Lärmbelästigung in Berlin : Macht Eure Bluetooth-Boxen endlich aus!

Mobile Lautsprecher, klein und unscheinbar, sind Schallwaffen. Ersonnen, um das Recht des Lautstärkeren durchzusetzen. Ein Schrei nach Ruhe.

Pantomime-Künstler protestieren für Ruhe in Berliner Partykiezen.
Pantomime-Künstler protestieren für Ruhe in Berliner Partykiezen.Foto: Jörg Carstensen/dpa

Kennen Sie das? Man sitzt am See. Der Sand fein. Das Wasser perfekt. Die Sonne kitzelt. Das Eis beginnt über den Handrücken zu rinnen, da trägt der Wind eine sanfte Melodie von den Nachbarn herüber. Sie schmiegt sich ins Ohr, ein Gefühl grenzenloser Dankbarkeit steigt auf. Tatsächlich. Die neue Single von Rammstein. Ach, martialischer Deutschrock steht nicht auf Ihrer Sommer-Playlist? Seien Sie unbesorgt, in Ihrem Rücken beginnt gleich ein wundervolles Tech-House-Set. Und drüben unter den Bäumen läuft schon seit Stunden Helene Fischer in Schleife.

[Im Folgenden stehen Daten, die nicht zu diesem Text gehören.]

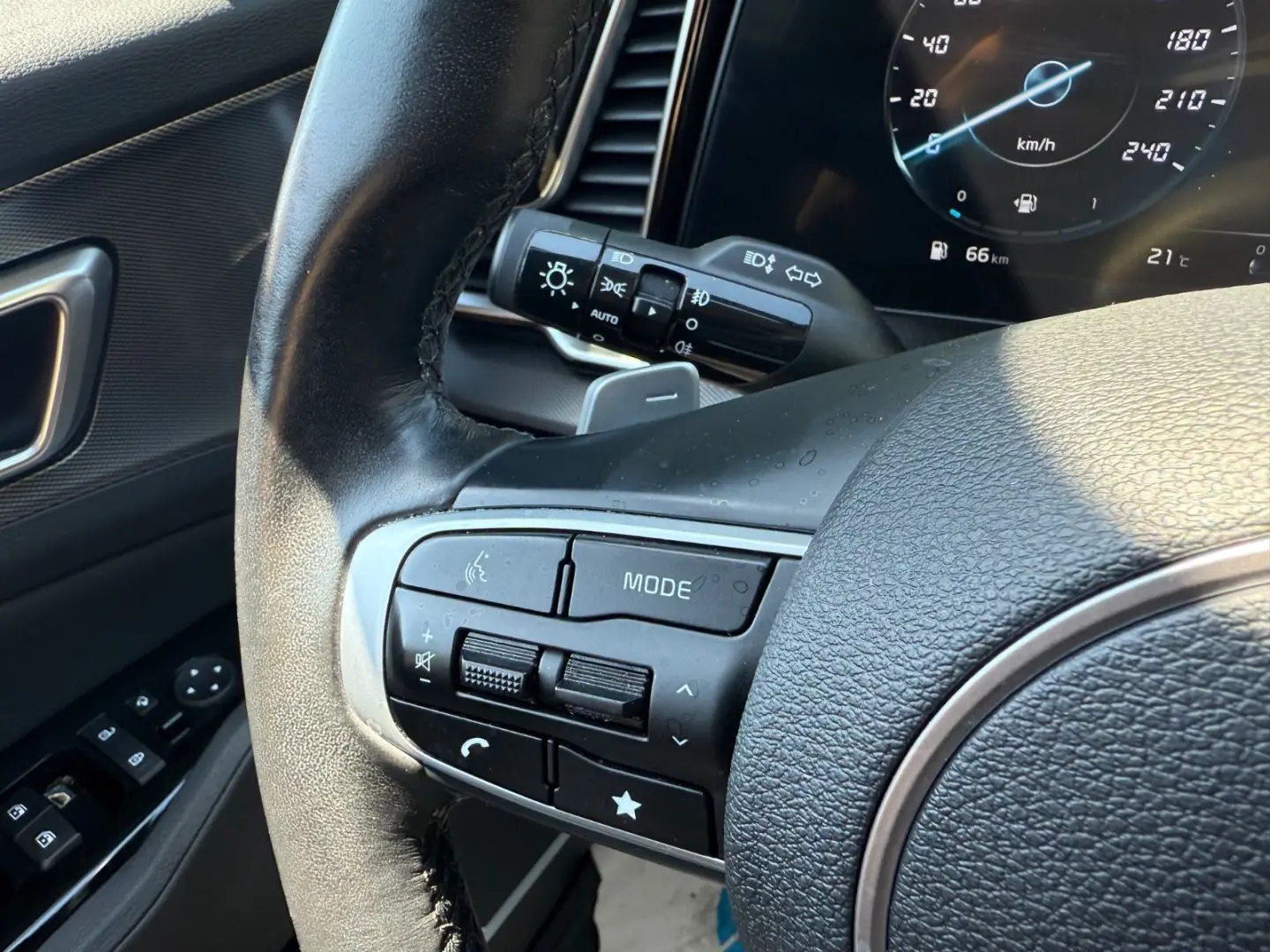 Sportage Spirit 1.6 T-GDI Mild Hybr~AUT~Pano~360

Dauerbeschallung. Immer. Überall. Nach Feierabend in der U-Bahn, beim Bier im Park und unter meinem Balkon. Ermöglicht durch ein kleine Dose, kaum größer als eine Thermoskanne. Sie mag harmlos wirken, aber ich bin fest davon überzeugt: Bluetooth-Lautsprecher gefährden die innere Sicherheit.

Gläubige schwafeln von der neuen akustischen Basisdemokratie. Schließlich sei das Gerät per Funkverbindung mit jedem Smartphone ansteuerbar. Alle dürfen mitmachen. Spontane Diktatur des schlechten Geschmacks, würde ich das nennen. Apropos Diktatur. Das Bluetooth-Logo besteht übrigens aus altnordischen Runen.

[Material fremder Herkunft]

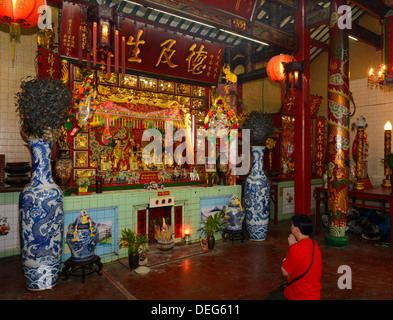 Leng Bua La Schrein, der älteste chinesische Tempel in Bangkok, Chinatown, Bangkok, Thailand, Südostasien, Asien Stockfoto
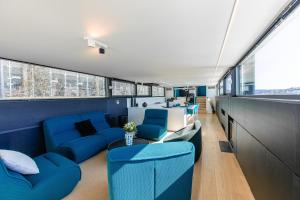 Péniche de prestige à Namur avec vue sur la Citadelle - A lAbordage - By Voyages Copine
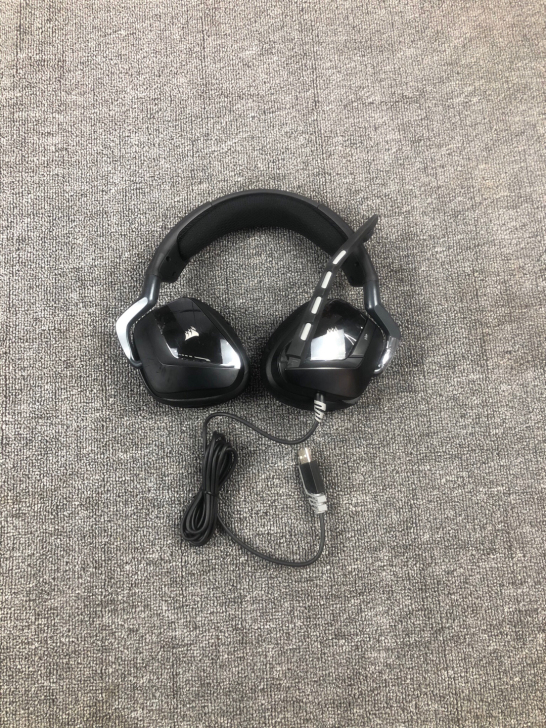 海盗船void pro rgb7.1声道头...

Das Äquivalent zum Aufröhrenlassen des tiefergelegten 3er-BMW

Sonst Erkennungszeichen völkisch-esoterischer Nationalisten, sollen sie die Initialen des dänisch-norwegischen Königs Harald Blauzahn sein. Eine Hommage der Erfinder an dessen Vereinigung zahlreicher Territorien zu einem Großreich. Zu Zeiten der Wikinger hieß das aber: brutale und skrupellose Unterwerfung. Womit wir wieder bei der akustischen Landnahme von heute wären. Die Dinger sind Schallwaffen. Ersonnen, um das Recht des Lautstärkeren durchzusetzen. Hier regiert mein Bass. Es ist das Äquivalent zum Aufröhrenlassen des tiefergelegten 3er-BMW.

Ja, ja, schon vor Jahrzehnten gab es Gettoblaster. Doch die lieferten den Soundtrack im Skatepark oder auf dem Basketballplatz, förderten gemeinschaftlichen Musikgenuss, waren Wegbereiter des Hip-Hop. Bluetooth-Lautsprecher hingegen sind ein Ausweis der sozialen Verrohung, der Abgrenzung und des Egoismus. Und Symbol dafür, wie schwer es Menschen fällt, mal für wenige Minuten in Stille zu verharren.

Artikel 1 des Berliner Stadtgesetzes: "Lärm ist geil"

Neulich las ich in der „Zeit“ eine Verteidigung: „Teenager mit Bluetooth-Boxen sind die Einzigen, die gentrifizierte Innenstädte vor der vollständigen Mumifizierung retten können.“ Wie bitte? Wenn wir schon im schrägen Bild bleiben: Teenager mit Bluetooth-Boxen stören die wohlverdiente Totenruhe. Von mir aus bin ich ein reaktionärer Kleinbürger. Wenn als Spielverderber nicht mehr derjenige gilt, der seine Mitmenschen um die Ruhe bringt, sondern ebenjener, der sich erdreistet, um etwas Stille zu bitten. Und somit gegen Artikel 1 des Berliner Stadtgesetzes verstößt: „Lärm ist geil.“

Man drängt mich in diese Rolle, dann fülle ich sie auch aus: Her mit der Bluetooth-Steuer für Lautsprecher! Im Bundestag liegt die Petition 82853, „Lärmschutz – Festlegung einer herstellerseitigen Lautstärkeobergrenze für Bluetooth-Lautsprecher“. Unterschreiben Sie. Sie sind es unseren Ohren schuldig.